Data specialist Wilmington Millennium’s direct mail tracker, which was carried out among 1,000 consumers by Censuswide in January 2018 and July 2019, has found that the introduction of the regulation has led to 2.8 billion fewer items dropping onto doormats across the country every year.
Prior to GDPR’s May 2018 implementation, Wilmington Millennium’s historic data shows that on average households received seven items of advertising mail per week, a total of 9.9 billion items per year across the UK. However, since the legislation came into force this has fallen to five items of direct mail per household per week, a total of 7.1 billion.
Households in Leeds, Brighton and Plymouth were found to have experienced the largest reduction in direct mail volumes with drops of 53%, 50% and 46% respectively. All other areas of the UK also experienced reductions except for residents in Sheffield, who experienced a 10.2% increase.
People in Liverpool (3.82 pieces per week), Norwich (3.99 pieces per week) and Newcastle (4.14 pieces per week) currently receive the least amount of direct mail, while those in Sheffield (6.48 pieces per week), London (5.44 pieces per week) and Birmingham (5.36 pieces per week) receive the most.
Historically, Wilmington Millennium’s figures showed that before GDPR the areas receiving the most direct mail were Leeds (9.88 pieces per week), Brighton (9.49 pieces per week) and London (8.01 pieces per week) while areas receiving the least were Sheffield (5.88 pieces per week), Bristol (6.23 pieces per week) and Southampton (6.61 pieces per week).

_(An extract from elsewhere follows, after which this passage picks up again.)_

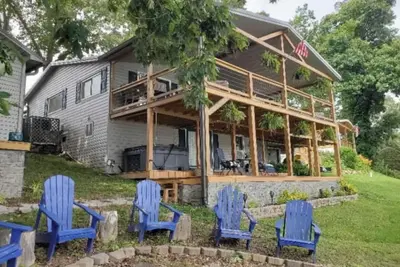 Image de Charming 3-bedroom house right on the Lake! ! ! !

Wilmington Millennium Mortascreen product director Patrick Lymath said: “We all knew that GDPR was going to have an impact on mail volumes and this has already been proven by Royal Mail figures. However, this research is interesting as it is based on what consumers themselves say/believe they receive.
“It is heartening that the reduction is converting into perceived relevance with 45% of consumers reporting that the advertising mail they receive is more relevant since GDPR.
“As a result of this we are increasingly seeing new brands testing the channel such as Just Eat and historic direct mail users return to the channel. Perception amongst marketers is also changing – effectiveness is now not tied to volume, it is tied to response, which is an incredibly positive step change for the sector.”
Just Eat has partnered with Go Inspire Group’s programmatic direct mail division Paperplanes to incorporate intelligent direct mail into its customer journey for the first time.
Paperplanes can track the online food order and delivery service’s customers’ online behaviour, and then use that data to deliver personalised direct mail to nudge their purchase decisions.
Just Eat senior global media manager Ross Duncan said: “What impresses us about Paperplanes’ solution is the speed and agility they can offer when supporting our campaign pushes.
“It was a no brainer to include Paperplanes into our marketing strategy, helping us improve conversion rates for a reasonable cost.”
Paperplanes founder and chief executive Dan Dunn added it was “refreshing that such a well-known brand is open to try a more traditional method of marketing”.
“As brands look for new ways to engage with their customers significant investments are made in SEO, social and email but our direct mail campaigns have generated results up to ten times stronger than digital ones.”
Direct mail’s effectiveness was also high on the agenda at the Federation of European Envelope Manufacturers’ annual congress, which was held in Porto earlier this month.
Mark Harrison, head of markets at the International Post Corporation, said that addressed direct mail is a particularly powerful tool, both for loyalty and acquisition.
According to a study he quoted by Austrian Post, 34% of recipients read direct mail for more than five minutes, much longer than most online ads, while 42% said they were influenced by direct mail when grocery shopping.
Whistl managing director Mark Davies, meanwhile, presented data from the Interactive Advertising Bureau (IAB) which stated that 54% of all digital advertising is not even seen, mainly due to ad blockers, fraudulent practices, plug-ins and loading problems.